Het geheel uitsluiten van zwangerschap als gegronde reden voor wijziging vormt directe discriminatie naar geslacht.

Eerste inventarisatie van de mogelijke effecten
Uit dit arrest volgt dat een werkgever een verzoek van een werknemer om reeds toegekend opvoedingsverlof niet op te nemen of niet voort te zetten in een periode waarin recht bestaat op zwangerschapsverlof niet kan afwijzen.

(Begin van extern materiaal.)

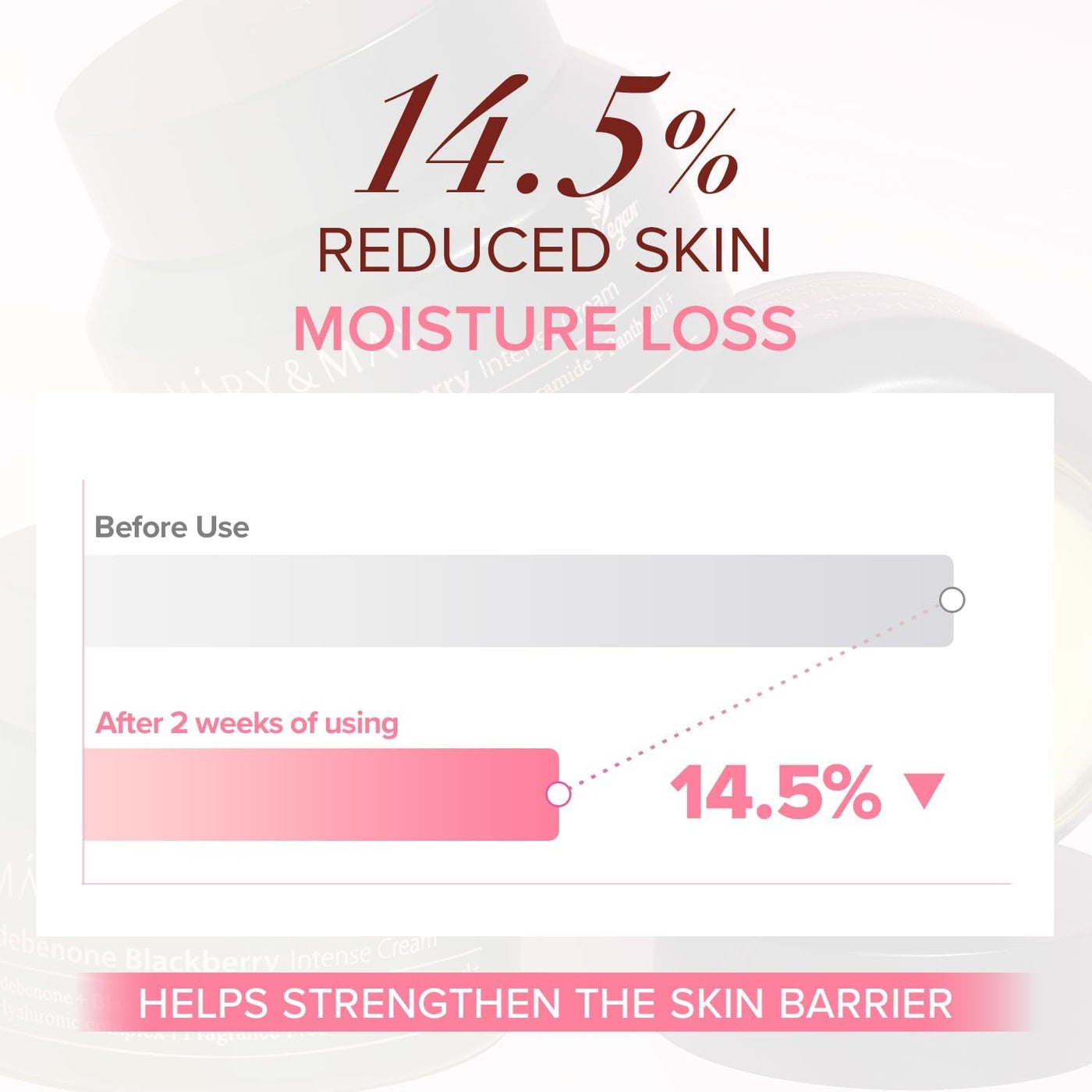 Idebenone Blackberry Intense Hydration Cream - 70g - image 6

In het arrest Commissie/Luxemburg (C-519/03) heeft het Hof eerder al bepaald dat ouderschapsverlof niet kan worden ingekort wanneer het wordt onderbroken door een ander verlof met een andere doelstelling dan het ouderschapsverlof, zoals het zwangerschapsverlof. Het is in strijd met het gemeenschapsrecht als een lidstaat bepaalt dat het recht op zwangerschapsverlof of adoptieverlof dat tijdens het ouderschapverlof ontstaat, in de plaats komt van het ouderschapsverlof, zonder dat de ouder het gedeelte van het ouderschapsverlof dat hij niet heeft kunnen opnemen, kan uitstellen.

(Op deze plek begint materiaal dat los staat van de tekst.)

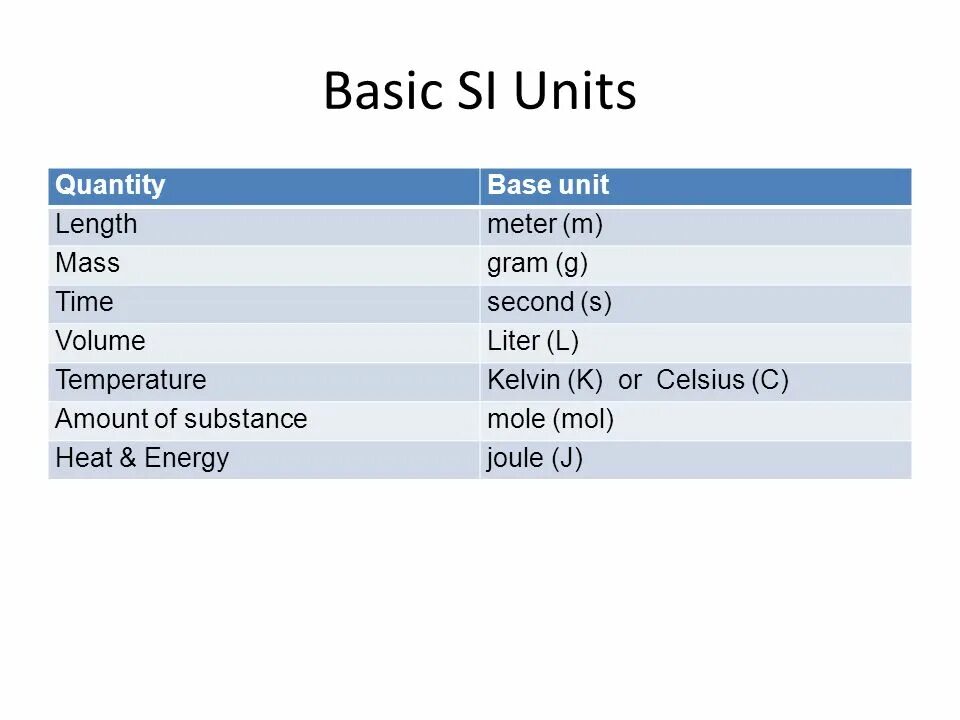 Basic unit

Naar aanleiding van het arrest Commissie/Luxemburg is een wijziging in de Wet Arbeid en zorg aangebracht, die regelt dat een werkgever een verzoek van een werknemer om reeds toegekend ouderschapsverlof niet op te nemen of niet voort te zetten in een periode waarin recht bestaat op zwangerschapsverlof of adoptieverlof, niet mag afwijzen. Tevens wordt geregeld dat aldus niet opgenomen ouderschapsverlof niet vervalt.
Met deze wetswijziging wordt aan het arrest Kiiski, dat ziet op de samenloop van ouderschapsverlof en zwangerschapsverlof, voldaan.

Voorstel voor behandeling
De ICER zendt dit fiche en de arresten ter kennisneming toe aan de ministers van Binnenlandse Zaken en Koninkrijksrelaties, van Justitie en van Sociale Zaken en Werkgelegenheid. Een vervolgfiche is niet noodzakelijk.